The mandatory provisions of section 5229 of the Code of 1919, regarding the execution of a non-holographic will, are that “the signature shall be made or the will acknowledged by him in the presence of at least two competent witnesses, present at the same time; and such witnesses shall subscribe the will in the presence of the testator * * * .”

A competent witness to a will is a person who, at the time of making the attestation, was qualified to testify in court to facts which he attests by subscribing his name to the will. 2 Words and Phrases, p. 1362; Ballentine’s Law Dic., p. 249; 28 R. C. L. 133..

Section 3345 of the Code of 1887, in broad, comprehensive terms, removed every disqualification of the competency of persons as witnesses because of interest or because such persons were parties to the litigation. Sections 3346 through 3349 of the same Code qualified the broad terms of section 3345 and defined certain exceptions to the competency of witnesses. The pertinent provision of section 3346 was that “* # # t]ie competency of attesting witnesses to wills, deeds, and other instruments, shall be determined by the .law in force the day before this Code takes effect.”
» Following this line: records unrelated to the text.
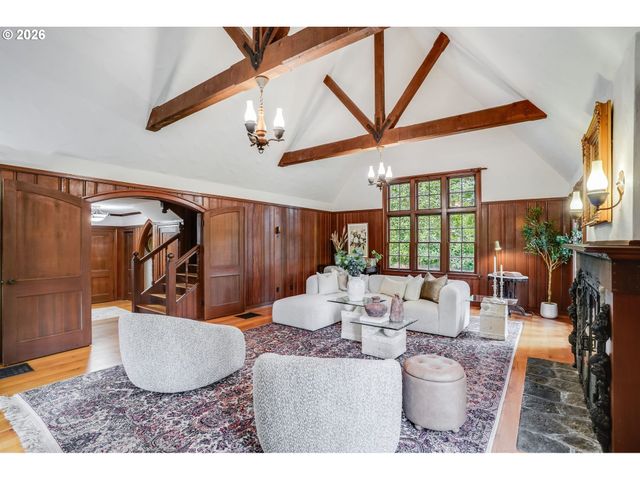 920 FAIRWAY Rd, Lake Oswego, OR 97034
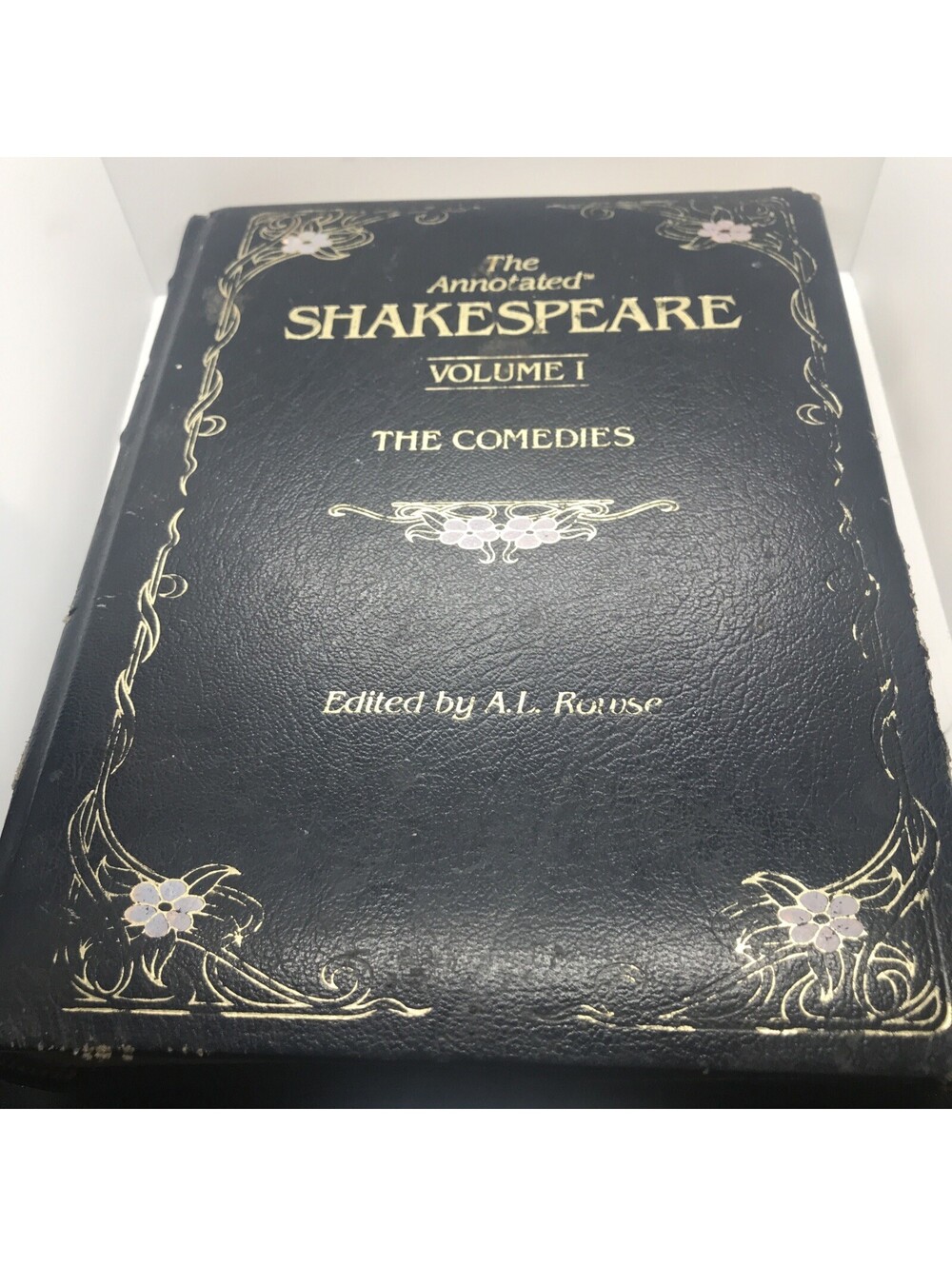Shakespeare The Annotated Volume 1 The Comedies A.l. Rowse Bonded Leather Dmg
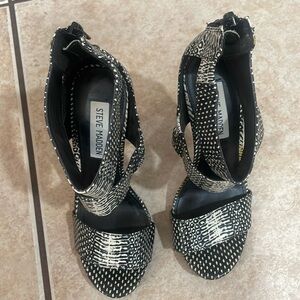 Steve Madden 6 in high heel shoes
This provision continued in force the disqualification of attesting witnesses to wills, prescribed in the Code of 1849, and carried in the Code of 1887 as sections 2529, 2530 and 2531. Ch. 122 of the Code of 1849 contains provisions regarding wills and deals with the qualification of attesting witnesses under the following subhead and sections:

“Competency of witnesses to will.

“Sec. 19. If a will be attested by a person to whom, or to whose wife or husband, any beneficial interest in any estate is thereby devised or bequeathed, if the will may not be otherwise proved, such person shall be deemed a competent witness, but such devise or bequest shall be void, except that, if such witness would be entitled to any share *929of the estate of the testator, in case the will were not established, so much of his share shall be saved to him as shall-not exceed the value of what is so devised or bequeathed.

“Sec. 20. If a will, charging any estate with debts, be attested by a creditor, or the wife or husband of a creditor, whose debt is so charged, such creditor shall, notwithstanding, be admitted a witness for or against the will.

“Sec. 21. No person shall, on account of his being an executor of a will, be incompetent as a witness for or against the will.”

The Code revisors of 1919 adopted section 6208, which contains the same broad comprehensive language, relating to the competency of witnesses, set forth in section 3345 of the Code of 1887 and omitted all qualifications of that section which were stated in sections 3346 to 3349 of the Code. The number of exceptions and disqualifications as to the competency of witnesses was reduced and they were couched in different language in a new section numbered 6209. None of these is pertinent to the present discussion.

The Code revisors, in their note to this section, stated that, in removing practically all disqualifications as to the competency of witnesses, they believed that the limited qualifications set forth in section 6209, “together with the great safeguard of cross-examination, would be ample protection for the estates of persons laboring under disability or who are incapable of testifying. In the business affairs of life all evidence bearing upon the question at issue is received and considered by the business world, and it seemed proper that the same ruíe should obtain in courts of justice which are enforcing rights arising out of such business transactions.”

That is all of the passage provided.